Singapore’s education has been hailed internationally as one of the world’s best education systems, in large part due to its high PISA (Programme for International Student Assessment) scores. Singapore has been successful, especially with Mathematics and Science, although there are other achievements that have been overlooked, such as great work in providing equality of opportunity. However, as with all systems, Singapore still has many challenges such as moving away from intensive testing and working out racial and class issues. In this article, I will investigate these issues and look at what can be learned and how that can be applied to the United States.
I was personally lucky enough see the inner workings of Singapore’s schools by working for 15 months in an all-boys government secondary school (equivalent of grades 7-10). I participated as an International Teaching Associate, an untrained teacher that did not displace any other teachers, but taught and co-taught English, History, Music, and Mathematics.

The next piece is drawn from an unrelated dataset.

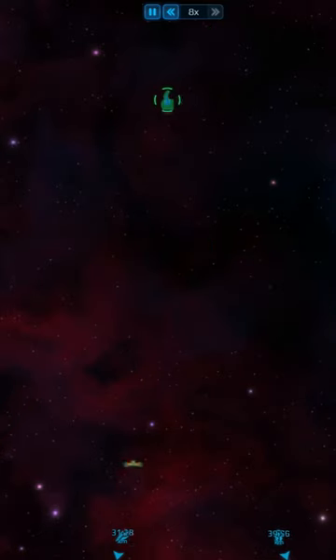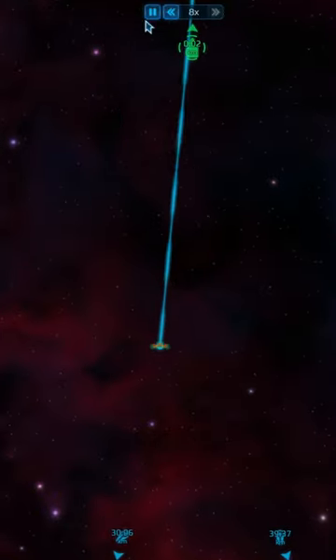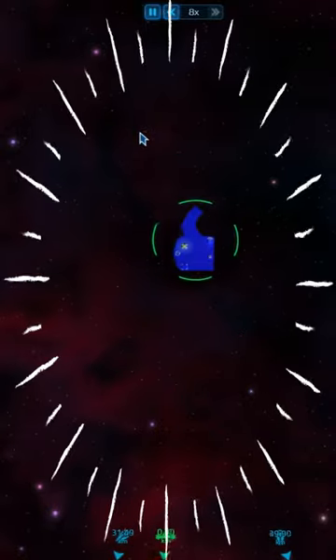We are just traveling a small distance. We scroll over here and select this ship. The hyperdrive will then charge up, and voila, we are now at this ship.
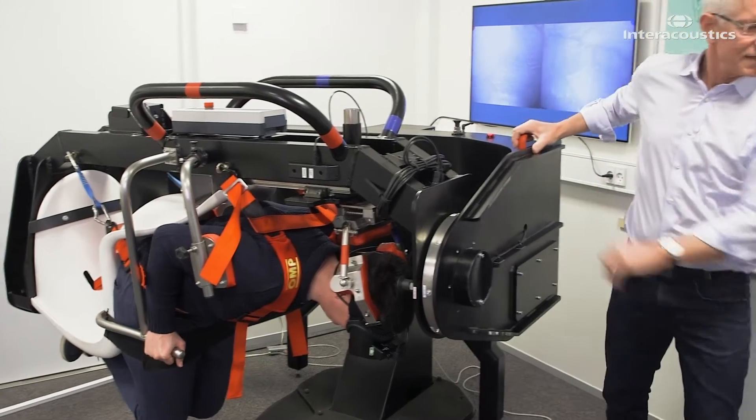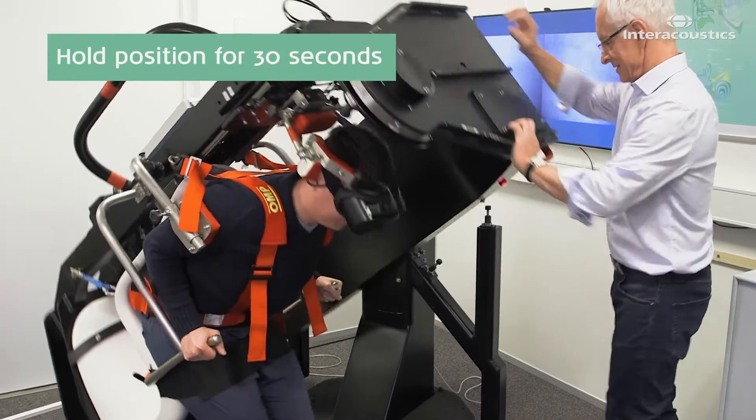Hold the patient in the final position for 30 seconds before returning to the upright position.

The Singaporean Ethos – ‘Meritocracy’ and the ‘Equality of Opportunity’
Underpinning much of Singapore’s society is a very strong belief in meritocracy (the idea that people get into position of power on the basis of their ability) and the equality of opportunity (the idea that everyone should get an equal opportunity in life, even if it doesn’t result in the same outcomes). The education system, of course, plays a crucially important role in this. It serves the purpose of giving students an equal opportunity to succeed while also eventually sorting them out on the basis of merit and ability. Singapore achieves these goals somewhat effectively, but not perfectly.
In many senses, Singapore does as good a job as any country providing for an equal early age education. More than 75% of Singaporeans live in public housing that follows strict racial quotas, and, in addition, all Singaporeans are required to attend public schools for primary school, unless they have a certified disability. As a result, there is a general level of mixture with, and equality between, all of the primary schools that promotes Singapore’s ideal of equality of opportunity.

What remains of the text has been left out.